- [What you are asked to do] Print every line of the listing below, starting with the line that holds "making protein banana pancakes in a blender." and going on through the line that holds "VECH Protein Shaker", both included, and print nothing else.

- [Supplied entries]
=== Section Start ===
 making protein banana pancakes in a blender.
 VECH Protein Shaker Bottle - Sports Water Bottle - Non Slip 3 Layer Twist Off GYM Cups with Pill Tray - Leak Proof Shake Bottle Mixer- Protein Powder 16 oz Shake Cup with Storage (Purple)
=== Section End ===
=== Section Start ===
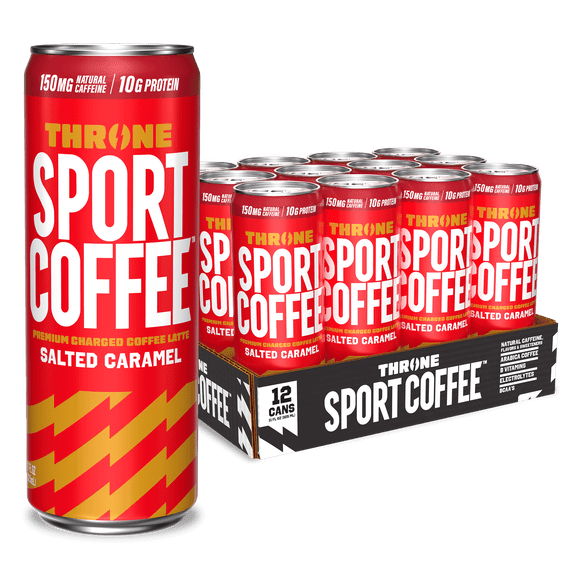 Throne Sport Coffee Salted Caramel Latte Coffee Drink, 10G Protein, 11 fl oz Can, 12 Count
=== Section End ===
=== Section Start ===
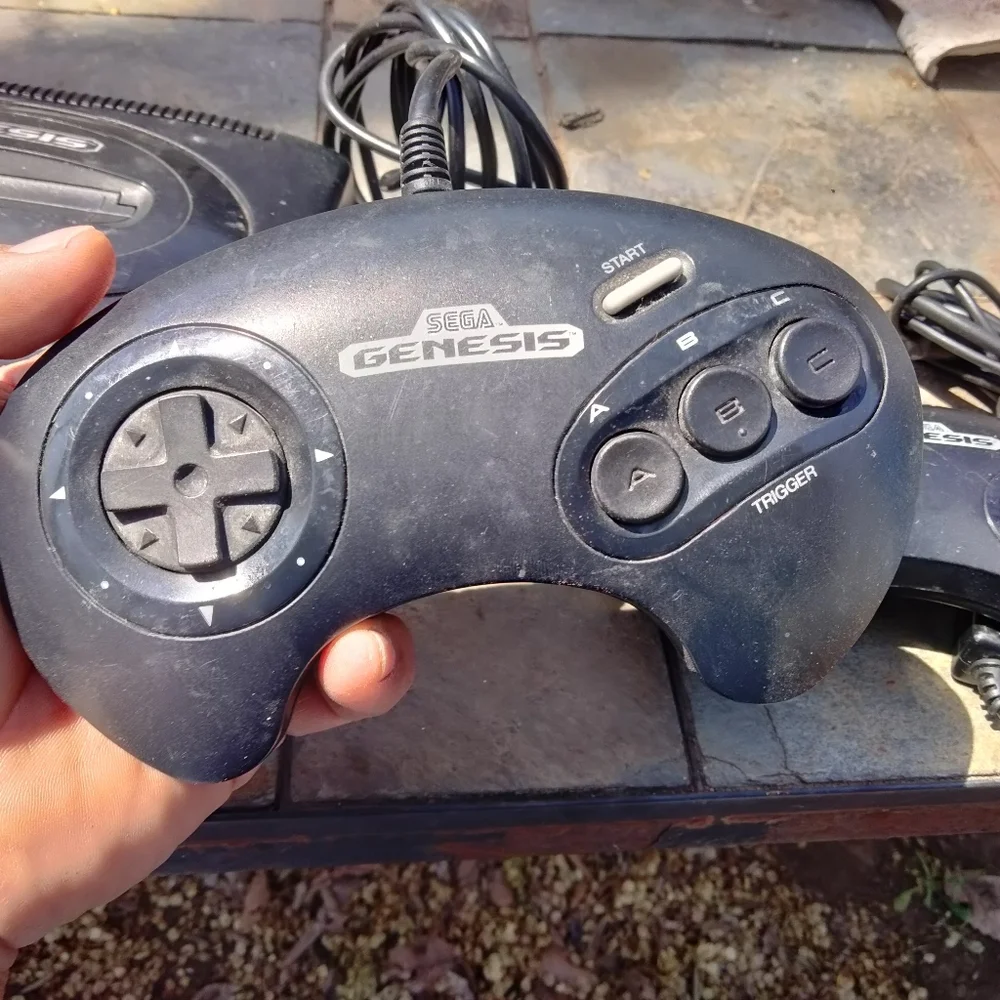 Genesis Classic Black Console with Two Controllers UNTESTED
=== Section End ===
- [Solution for this problem]
 making protein banana pancakes in a blender.
 VECH Protein Shaker Bottle - Sports Water Bottle - Non Slip 3 Layer Twist Off GYM Cups with Pill Tray - Leak Proof Shake Bottle Mixer- Protein Powder 16 oz Shake Cup with Storage (Purple)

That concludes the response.